Zaloguj się Zarejestruj się
Wyluzuj! Trening kontrolowania napięć mięśniowych
#1
Napisano 09 marca 2013 - 09:50
1. Relaksacja Jacobsona
Połóż się lub usiądź w wygodnej dla siebie pozycji bez krzyżowania rąk i nóg. Skup się na oddechu. Jak Twój brzuch rośnie podczas wdechu i jak opada podczas wydechu. Zamknij oczy. Zaciśnij prawą pięść, maksymalnie na ile dasz radę. Poczuj napięcie i następnie rozluźnij dłoń i poczuj uczucie relaksu i błogości. Powtórz raz jeszcze. Tę zasadę będziemy stosować przy każdej innej części ciała. Naciśnij swoim ramieniem o podłoże, łóżko lub oparcie w zależności w jakim miejscu i pozycji się znajdujesz i następnie rozluźnij. To samo zrób z lewą stroną.

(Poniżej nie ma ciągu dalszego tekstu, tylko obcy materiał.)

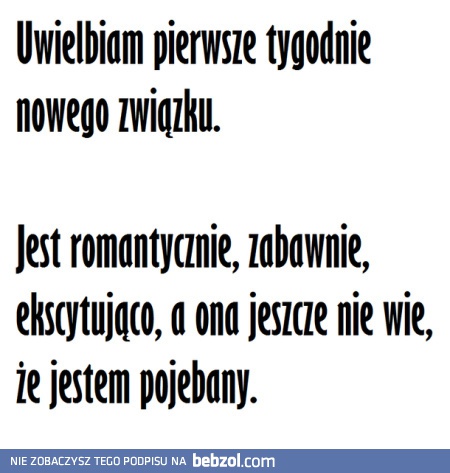 Pierwsze tygodnie związku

Następnie przechodzimy do twarzy. Otwórz oczy i unieś maksymalnie brwi i rozluźnij. Zmruż oczy i zmarszcz nos. Rozluźnij. Zaciśnij zęby i cofnij kąciki ust. Rozluźnij. Przybliż podbródek w stronę klatki piersiowej, napnij mięśnie karku i szyi. Rozluźnij. Ściągnij obie łopatki w swoją stronę, tak by zbliżyły się do siebie. Rozluźnij. Napnij mięśnie brzucha. Rozluźnij. To samo zrób z górną częścią nóg, czyli mięśniem czworogłowym i dwugłowym. Następnie napnij maksymalnie swoją stopę i skieruj ją w swoją stronę, to pozwoli napiąć podudzie, łydki oraz mięśnie okolic piszczela. Na sam koniec, zegnij maksymalnie palce stóp, wyobraź sobie jakbyś miał nimi coś podnosić.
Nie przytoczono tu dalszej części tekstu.